Likewise, the American Enterprise Institute, the Heritage Foundation, the Center for Strategic and International Studies and the newer Foreign Policy Initiative will be ready to disgorge their best to serve in government. 
It is a changing of the guard that takes place with each election that results in a change of party.
_____

Tevi Troy: Dems and Fake News
Arguing that misleading and damaging rhetoric is not limited to any one shrill stakeholder group, current waves of disinformation and "fake news," in his book "US Health Policy: An Insider's Perspective"  Republican health expert Tevi Troy argues that in various instances, Democrats misleadingly smeared Republicans as "wanting to kill Medicare" or "destroy Medicare" in print or commercials in the past decade, in some cases, contributing to the politician's political demise.  Troy's book is a collection of his journal articles and op-eds, and is available from Amazon here.

_____

Ryan and Medicare Advantage Reboot
On November 24, as mentioned earlier, the New York Times ran a feature article by Robert Pear that "a battle to change Medicare is brewing."   This reflects long-standing desires in some circles to drop Medicare as a complex government burocracy and replace it with a simpler voucher system.   At first, one might ask how this is different that current Medicare Advantage, which captures about 30% of enrollees already.   Essentially, in Medicare Advantage, CMS holds a "voucher" (so to speak) for $10,000 of healthcare, and the beneficiary picks his health plan, and CMS pays the $10,000 per year to the health plan.    (The details get very complex quickly; see here.)  Even under radical Ryanesque revisions, the beneficiary is never going to "hold a check" for his $10,000 of insurance; it will always be transmitted under some conditions to a regulated health plan.  As Pear explains, under a more radical commercialized Medicare reform, if free for service Medicare continues to exist, it too would have a capped annual voucher value so it would compete on a level playing field with commercial plans.  And today's Medicare Advantage plans are very tightly reigned in, if they save on health costs, they give the money back to beneficiaries or CMS.   On the other hand, an unrestrained and minimally regulated insurance that makes profit at breakneck speeds by "denying grandma chemotherapy" or denying her a hip replacment might prove unworkable.   And many medicare beneficiaries are over 80, even over 90, not typical info-happy consumers in the marketplace.

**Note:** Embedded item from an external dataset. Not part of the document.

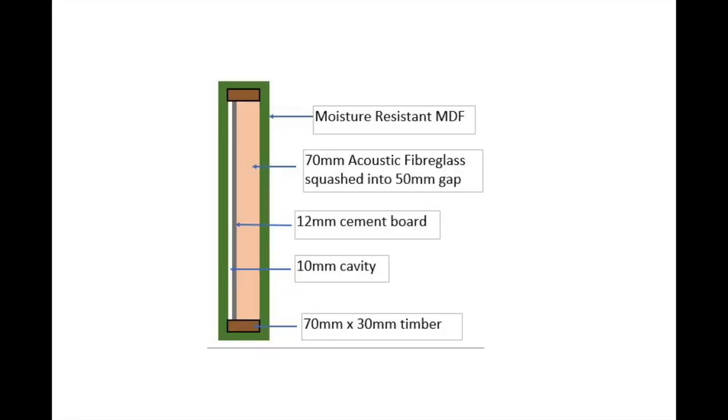This is the last diagram before going to the proper video - it's the window boxes. Within the windows I made boxes which are effectively an 80mm moisture-resistant MDF box, reinforced with 70mm timber. In that box I filled it with 70mm acoustic fibreglass, squashed that in with a sheet of cement board, left about a 10mm cavity, sealed it with acoustic sealant, and then closed the box. The reason I used cement board: when I was redoing the bathroom floor, as soon as the cement board was down it stopped a lot of sound, so that's why I decided to put it in the window boxes - it's dense - just to try and kill a bit of the outside noise.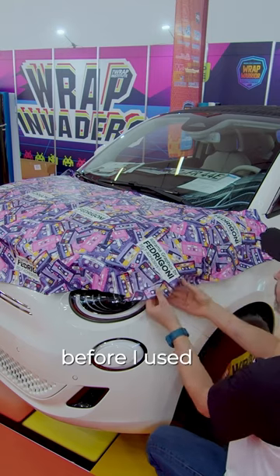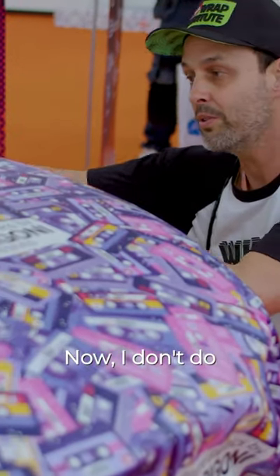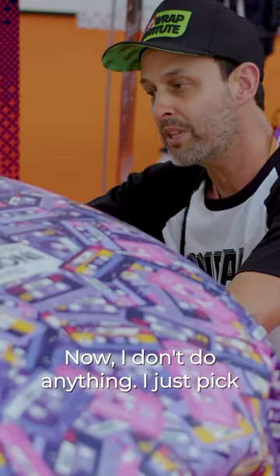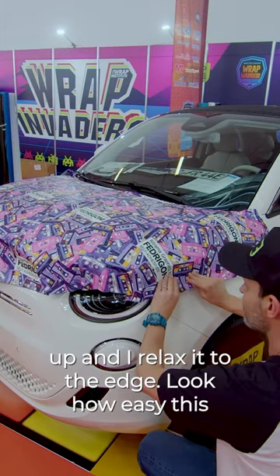Before, I used to work very hard to wrap a car. Now I don't do anything — I just pick the material up and relax it to the edge. Look how easy this looks.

On December 4, 2016, House Speaker Paul Ryan emphasized the importance of Medicare reform on 60 Minutes (here. at Healthcare Dive, with additional links).

_____


The Stark Actuarial Realities of Healthcare Cost Reform

Market-based fixes to health care costs generally ignore the fact that a huge proportion of costs are held by a small group of patients.   "Shopping" and "high deductible plans" will get some healthy people down from 4 visits a year to 2 or 3, or steer them for a $1500 MRI scan to a $999 MRI scan.  See Uwe Reinhardt's article, "Republicans can repeal Obamacare...They can't repeal the logic of health insurance," at Vox, here.  The top 10% use 65% of health care, and the top 5% use half of health care.   Accordingly, actuarially competitive premiums would be very, very low for half the population, and skyrocket for 5-10% of the population who are actually very, very sick.

_____

Healthcare, Cost, and Innovation

The increasingly interesting website MedCityNews brings out two essays on costs and productivity and innovation.   The first, by Dr. Frank Cockerill, former head of Mayo Clinic, asks about real reforms based on telehealth (here).  The second, by Dr. Jack Stockert, talks about healthcare productivity in decline despite technical and EHR innovation (here).  Stockert is a McKinsey-trained physician who also worked at WHO.